[[ Recorded data open ]]

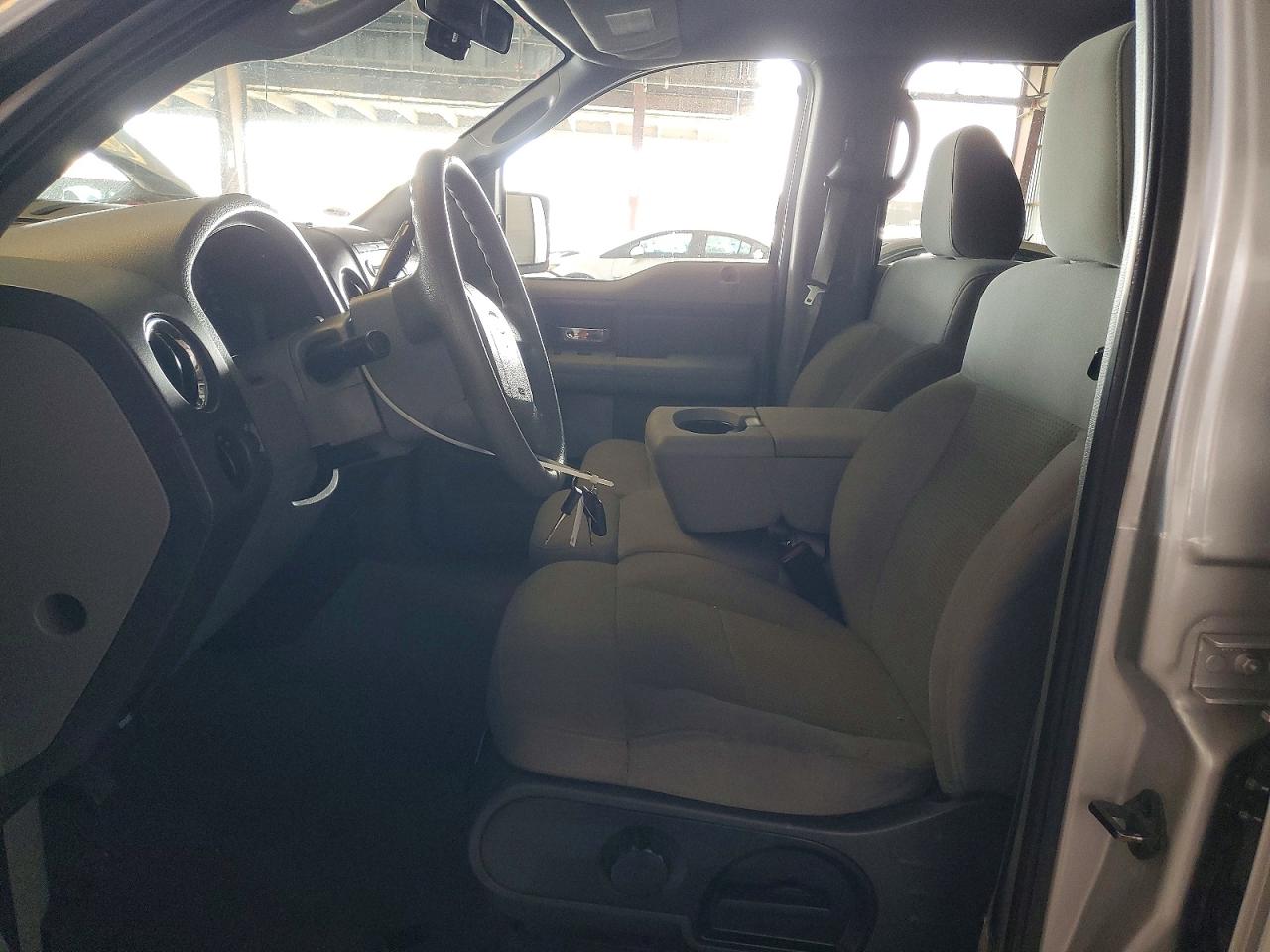 2007 Ford F150 Supercrew Gray vin: 1FTRW12W97KD11244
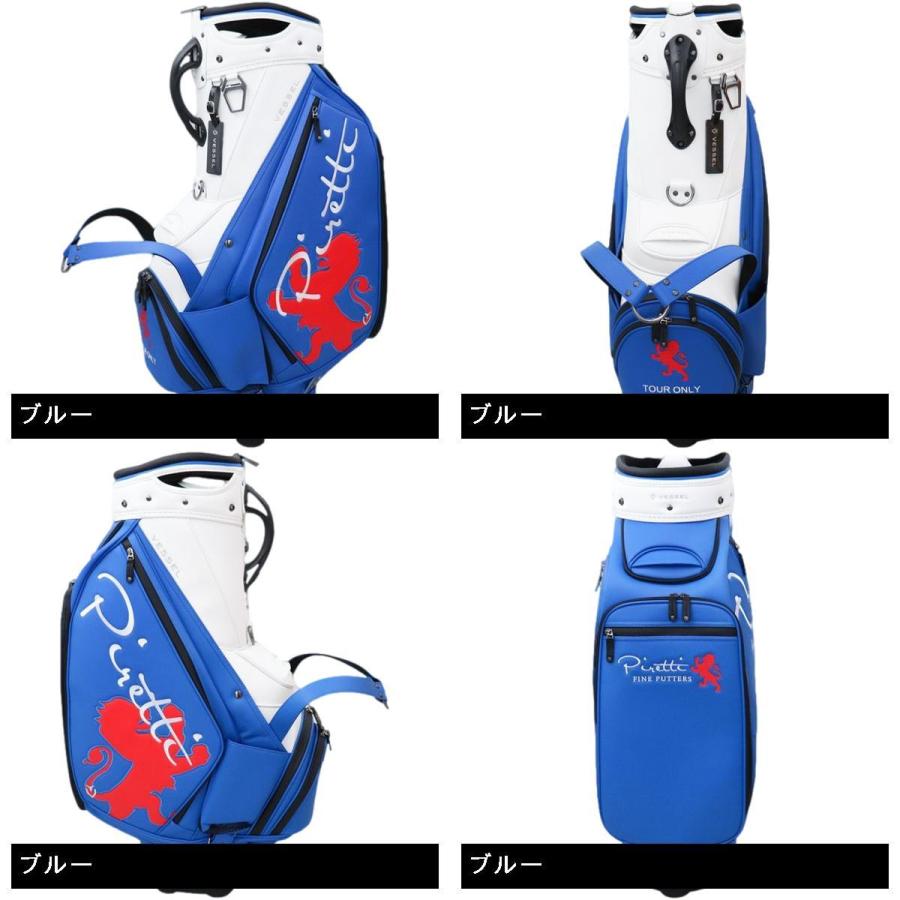 1円☆Piretti x Vessel PR-CB0006YS キャディバッグ 笹生優花全米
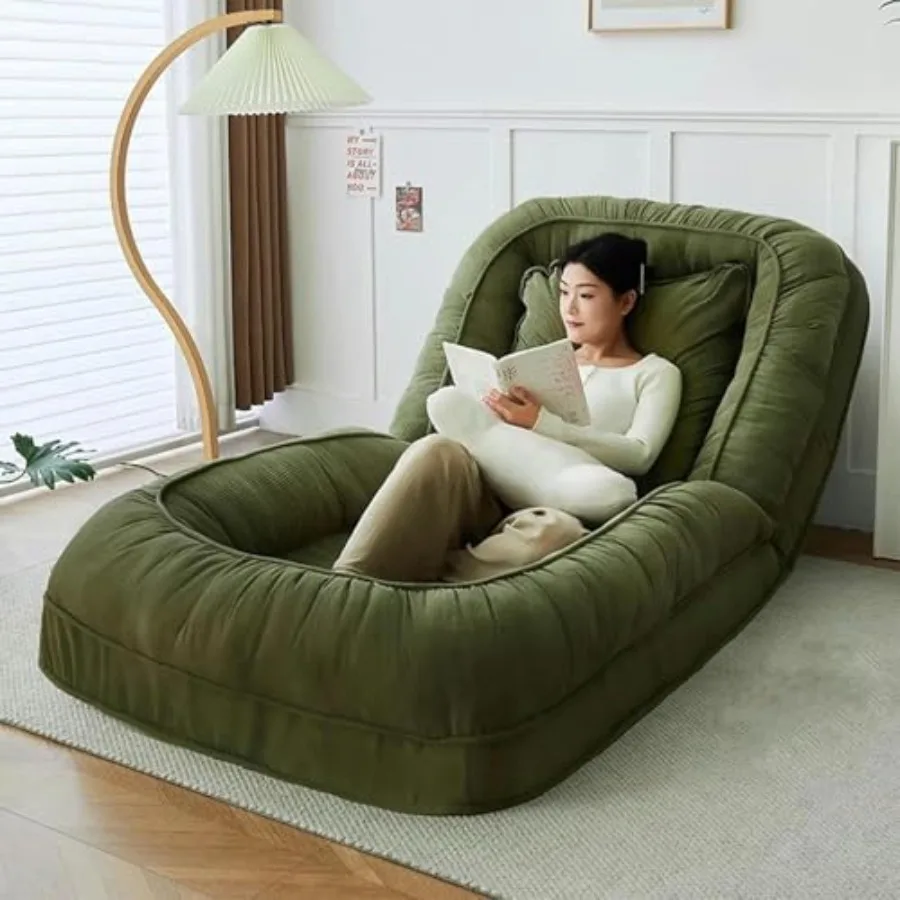 Human Dog Bed Foldable for Adults, Adjustable Lazy Sofa Bed with 6-Position, 70"x37"x10" Soft and Cozy Large Bean Bag Lazy Sofa
Human Dog Bed Foldable for Adults, Adjustable Lazy Sofa Bed with 6-Position, 70"x37"x10" Soft and Cozy Large Bean Bag Lazy Sofa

[[ Recorded data closed ]]

> [Goal of the exercise]: Repeat the material above precisely as it appears, omitting the images it contains.

> [Task output]:
 2007 Ford F150 Supercrew Gray vin: 1FTRW12W97KD11244
 1円☆Piretti x Vessel PR-CB0006YS キャディバッグ 笹生優花全米
 Human Dog Bed Foldable for Adults, Adjustable Lazy Sofa Bed with 6-Position, 70"x37"x10" Soft and Cozy Large Bean Bag Lazy Sofa
Human Dog Bed Foldable for Adults, Adjustable Lazy Sofa Bed with 6-Position, 70"x37"x10" Soft and Cozy Large Bean Bag Lazy Sofa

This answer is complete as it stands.